Semi-automating citation screening: a retrospective assessment of a hybrid machine learning/crowdsourced approach using one year’s worth of human-generated data from the Embase crowdsourcing project

Tags: Oral
Wallace B1, Thomas J2, Cohen A3, Smalheiser N4, Dooley G5, Foxlee R6, Noel-Storr A7
1Department of Computer Science, University of Texas, USA, 2Institute of Education, University College London, UK, 3Department of Medical Informatics and Clinical Epidemiology, Oregon Health and Science University, USA, 4Department of Psychiatry, University of Illinois, Chicago , USA, 5Metaxis, UK, 6Cochrane Editorial Unit, Cochrane, UK, 7Cochrane Dementia and Cognitive Improvement Group, Oxford University, UK

Background: Previous work has already shown feasibility with regard to machine learning applications successfully classifying citations into prespecified categories, and has demonstrated reductions in human citation screening by 40% to 50%.

Objectives: We assessed the potential role of a machine learning approach in helping the crowd to identify reports of randomised trials eligible for Cochrane’s Central Register of Controlled Trials (CENTRAL).

Methods: The Embase project used crowdsourcing to identify reports of randomised trials from highly sensitive searches run in Embase. Using the citations fully assessed by the crowd from this project as a gold standard, we ran a number of simulations comparing machine performance alone or in various combinations with human assessment in order to understand the potential workload reductions and effects on recall and precision.

Results: A total of 60,468 fully assessed citations were included in the analyses. Six analyses were performed. The first, a simple comparison of machine predictions compared to the gold standard. Area under the curve was 0.977; and the maximum point on this curve corresponded to a recall of 71.2 % and precision of 73.4%. We then explored use of the machine classifier in addition to human workers via simulation experiments. The most effective approach entailed replacing one human screener with a computer prediction when three or more screeners are used. This resulted in a recall of 98.5% while reducing workload substantially.
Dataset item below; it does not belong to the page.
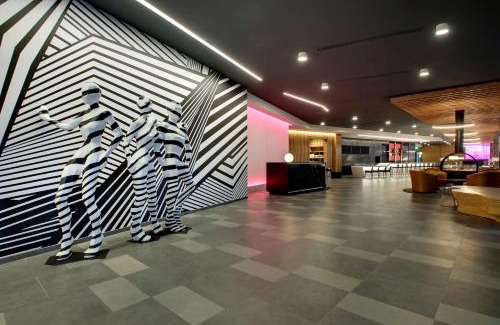 Rosemont Hotel | The Rose Chicago, Tapestry Collection By Hilton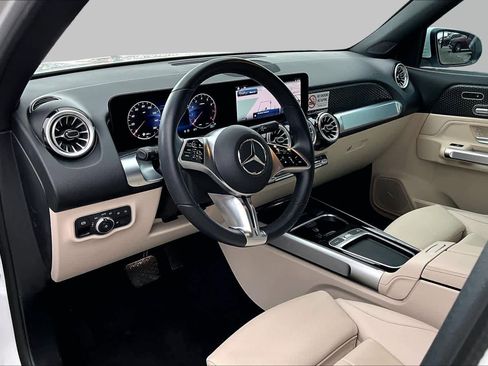 Used 2025 Mercedes-Benz GLB 250 image 18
In addition, when the decision was deferred entirely to the machine when sufficiently confident in the prediction, 95% recall was achieved with a correspondingly dramatic reduction in workload.

Conclusions: The results of this important work have informed next steps towards implementation into the workflow for the Evidence Pipeline and Cochrane Crowd components of Project Transform. The identification of RCTs can be semi-automated and when applied appropriately within a crowd model can offer significant opportunities to reduce human effort without compromising recall.